To the maximum extent permitted by applicable law, all Services are provided “as is” without warranty or condition of any kind. Consultant hereby disclaims all warranties and conditions with regard to the Services rendered by Consultant, including all implied warranties or conditions of merchantability and fitness for a particular purpose. Consultant does not guarantee any minimum number of views and/or procurement of followers on any social media platform to Client.

11. CONFIDENTIALITY

Neither Party hereto will at any time or in any manner, either directly or indirectly, use for the personal benefit of themselves, or divulge, disclose, or communicate in any manner any information that is proprietary to the other Party (i.e., trade secrets, know-how and confidential information).

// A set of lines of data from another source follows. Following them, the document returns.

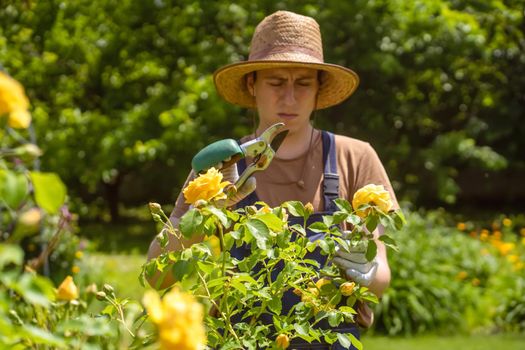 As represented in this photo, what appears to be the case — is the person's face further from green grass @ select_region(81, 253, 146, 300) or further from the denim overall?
green grass @ select_region(81, 253, 146, 300)

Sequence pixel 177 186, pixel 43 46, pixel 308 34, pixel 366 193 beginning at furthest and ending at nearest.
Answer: pixel 177 186
pixel 43 46
pixel 308 34
pixel 366 193

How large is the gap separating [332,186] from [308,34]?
0.50m

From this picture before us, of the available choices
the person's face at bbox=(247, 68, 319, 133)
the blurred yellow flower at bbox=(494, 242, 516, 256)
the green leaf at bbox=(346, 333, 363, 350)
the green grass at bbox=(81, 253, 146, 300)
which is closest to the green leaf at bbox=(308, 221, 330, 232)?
the green leaf at bbox=(346, 333, 363, 350)

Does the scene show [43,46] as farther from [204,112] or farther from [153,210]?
[153,210]

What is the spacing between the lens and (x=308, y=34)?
7.94 ft

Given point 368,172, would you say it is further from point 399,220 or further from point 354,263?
point 399,220

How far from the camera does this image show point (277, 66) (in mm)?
2316

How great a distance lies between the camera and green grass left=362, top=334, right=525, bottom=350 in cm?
490

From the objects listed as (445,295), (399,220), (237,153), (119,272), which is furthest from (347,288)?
(119,272)

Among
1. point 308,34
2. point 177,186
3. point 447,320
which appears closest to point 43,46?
point 177,186

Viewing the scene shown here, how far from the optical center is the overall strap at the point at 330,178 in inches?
86.0

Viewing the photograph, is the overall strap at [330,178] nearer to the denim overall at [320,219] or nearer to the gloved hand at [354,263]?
the denim overall at [320,219]

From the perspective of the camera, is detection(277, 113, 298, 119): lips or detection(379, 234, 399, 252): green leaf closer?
detection(379, 234, 399, 252): green leaf

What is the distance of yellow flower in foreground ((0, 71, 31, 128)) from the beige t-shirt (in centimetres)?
142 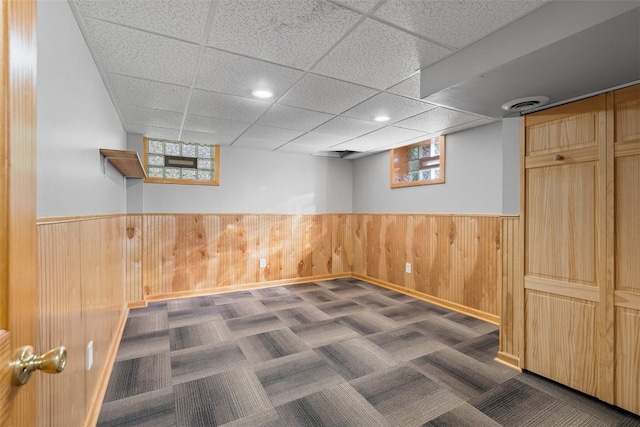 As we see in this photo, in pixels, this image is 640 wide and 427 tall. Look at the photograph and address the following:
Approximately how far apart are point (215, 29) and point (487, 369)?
303cm

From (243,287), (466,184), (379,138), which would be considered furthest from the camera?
(243,287)

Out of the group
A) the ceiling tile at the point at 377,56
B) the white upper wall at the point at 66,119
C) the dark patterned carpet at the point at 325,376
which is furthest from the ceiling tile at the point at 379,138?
the white upper wall at the point at 66,119

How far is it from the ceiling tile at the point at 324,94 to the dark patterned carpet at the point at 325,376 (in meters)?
2.24

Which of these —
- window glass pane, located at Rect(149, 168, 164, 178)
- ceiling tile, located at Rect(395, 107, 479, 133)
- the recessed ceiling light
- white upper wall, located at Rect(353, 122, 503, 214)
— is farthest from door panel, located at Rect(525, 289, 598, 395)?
window glass pane, located at Rect(149, 168, 164, 178)

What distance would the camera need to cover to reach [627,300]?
1.83m

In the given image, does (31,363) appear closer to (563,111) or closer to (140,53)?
(140,53)

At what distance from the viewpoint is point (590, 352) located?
6.50 feet

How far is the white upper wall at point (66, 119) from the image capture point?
111 cm

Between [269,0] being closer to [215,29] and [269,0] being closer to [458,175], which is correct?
[215,29]

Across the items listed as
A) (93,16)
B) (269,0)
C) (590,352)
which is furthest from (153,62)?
(590,352)

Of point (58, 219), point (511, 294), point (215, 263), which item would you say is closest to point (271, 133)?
point (215, 263)

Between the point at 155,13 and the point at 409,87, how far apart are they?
1.80m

The Parties will protect such information and treat it as strictly confidential. This provision shall continue to be effective after the termination of this Agreement. Either Party may seek and obtain injunctive relief against the release or threatened release of such information in addition to any other legal remedies which may be available to a Party.

12. ASSIGNMENT

This Agreement is not assignable, in whole or in part, by either Party without the prior written consent of the other Party. Any attempt to make such assignment shall be void.

13. ATTORNEYS' FEES

In any legal action between the Parties concerning this Agreement, the prevailing Party shall be entitled to recover reasonable attorneys’ fees and costs.

14. SEVERABILITY

If any provision of this Agreement is held to be invalid, illegal or unenforceable, the remaining portions of this Agreement shall remain in full force and effect and construed so as to best effectuate the original intent and purpose of this Agreement.

15. GOVERNING LAW & FORUM

This Agreement shall be construed in accordance with the laws of Canada, without regard to conflict of laws rules. Venue shall be in a court of competent jurisdiction in Canada and both Parties expressly consent to jurisdiction in such courts.

16. COMPLETE AGREEMENT & AMENDMENT

This Agreement supersedes all prior agreements and understandings between the Parties for performance of the Services and constitutes the complete agreement and understanding between the Parties. The Parties may only amend this Agreement in a written document signed by both Parties.